**ACTIVITY:**
Repeat only the lines below from the one that contains "Additional image 22" through the final line, exactly. Omit pictures.

**RAW DATA:**
········
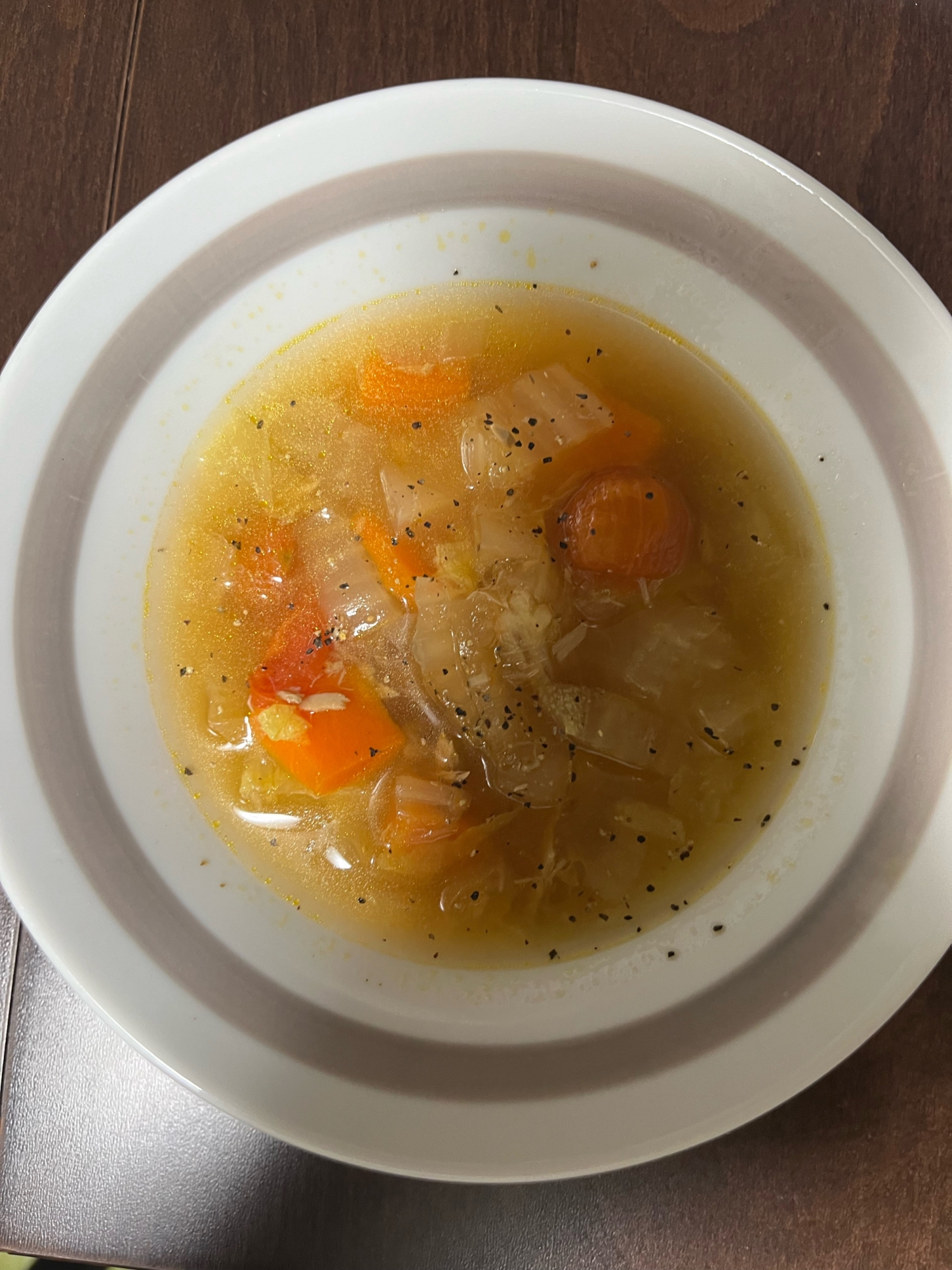 ツナとミニトマトと白菜のコンソメスープ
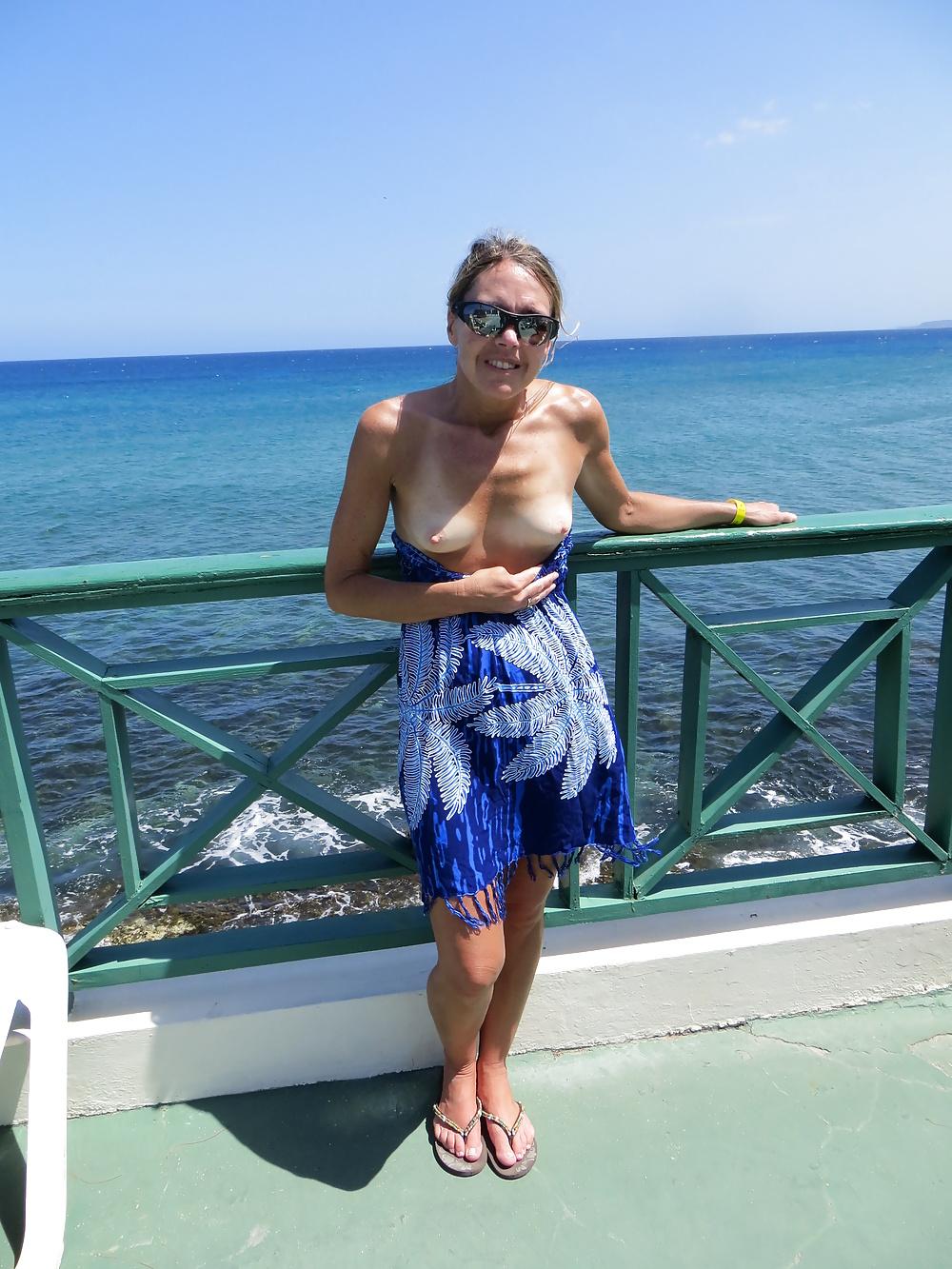 16P Milf flashing fun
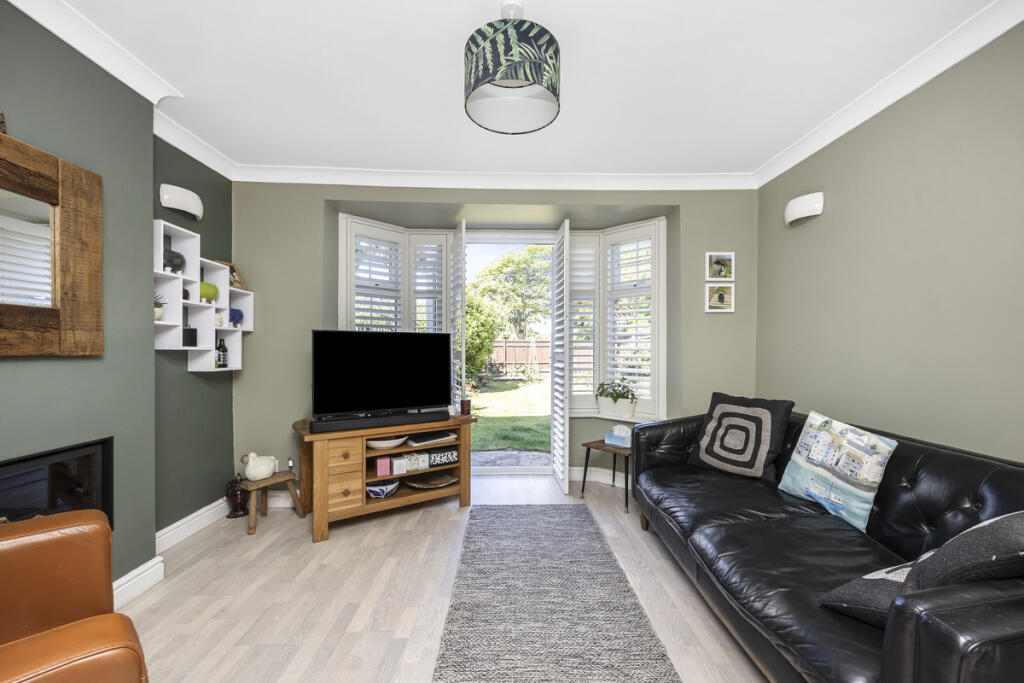 Additional image 22 of Wallace Avenue, Worthing, BN11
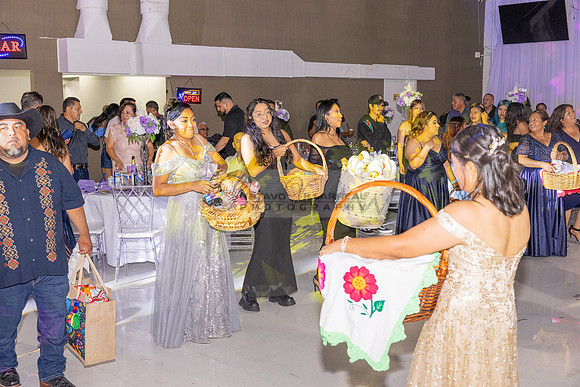Amy Lopez quinceanera event celebration in Los Angeles Ca, photography and videography by Gustavo Villarreal. 323-633-8283, www.gvphotoandvideo.com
········
**EXERCISE SOLUTION:**
 Additional image 22 of Wallace Avenue, Worthing, BN11
Amy Lopez quinceanera event celebration in Los Angeles Ca, photography and videography by Gustavo Villarreal. 323-633-8283, www.gvphotoandvideo.com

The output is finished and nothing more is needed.